**WHAT IS EXPECTED**
Using the data below, copy each line that includes the word "Abstract".

**RAW DATA**
===============
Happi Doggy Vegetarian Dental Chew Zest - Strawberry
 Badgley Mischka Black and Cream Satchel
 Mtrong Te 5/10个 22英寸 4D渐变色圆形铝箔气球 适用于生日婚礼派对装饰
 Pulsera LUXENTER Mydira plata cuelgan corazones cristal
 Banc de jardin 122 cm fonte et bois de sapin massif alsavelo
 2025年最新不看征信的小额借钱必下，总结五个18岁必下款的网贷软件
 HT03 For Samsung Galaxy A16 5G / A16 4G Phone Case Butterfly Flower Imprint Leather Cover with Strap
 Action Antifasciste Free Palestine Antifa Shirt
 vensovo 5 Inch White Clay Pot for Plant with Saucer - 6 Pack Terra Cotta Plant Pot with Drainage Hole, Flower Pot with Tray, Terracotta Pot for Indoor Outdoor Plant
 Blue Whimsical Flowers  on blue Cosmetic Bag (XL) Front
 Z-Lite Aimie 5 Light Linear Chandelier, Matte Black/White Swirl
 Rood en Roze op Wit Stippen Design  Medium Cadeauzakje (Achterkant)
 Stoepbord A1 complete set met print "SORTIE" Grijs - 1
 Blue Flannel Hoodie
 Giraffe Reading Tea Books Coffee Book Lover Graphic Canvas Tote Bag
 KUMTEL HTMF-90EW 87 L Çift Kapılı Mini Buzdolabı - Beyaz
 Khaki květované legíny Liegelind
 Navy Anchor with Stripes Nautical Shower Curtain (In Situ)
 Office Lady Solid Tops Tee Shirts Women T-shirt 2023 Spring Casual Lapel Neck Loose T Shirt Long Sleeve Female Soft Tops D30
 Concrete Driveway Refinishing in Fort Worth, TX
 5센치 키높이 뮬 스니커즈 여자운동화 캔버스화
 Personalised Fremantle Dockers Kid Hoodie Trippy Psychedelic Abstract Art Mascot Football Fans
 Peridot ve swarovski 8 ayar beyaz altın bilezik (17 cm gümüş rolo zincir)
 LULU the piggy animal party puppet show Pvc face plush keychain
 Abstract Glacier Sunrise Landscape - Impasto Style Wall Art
===============
**RESULT OF THIS EXERCISE**
 Personalised Fremantle Dockers Kid Hoodie Trippy Psychedelic Abstract Art Mascot Football Fans
 Abstract Glacier Sunrise Landscape - Impasto Style Wall Art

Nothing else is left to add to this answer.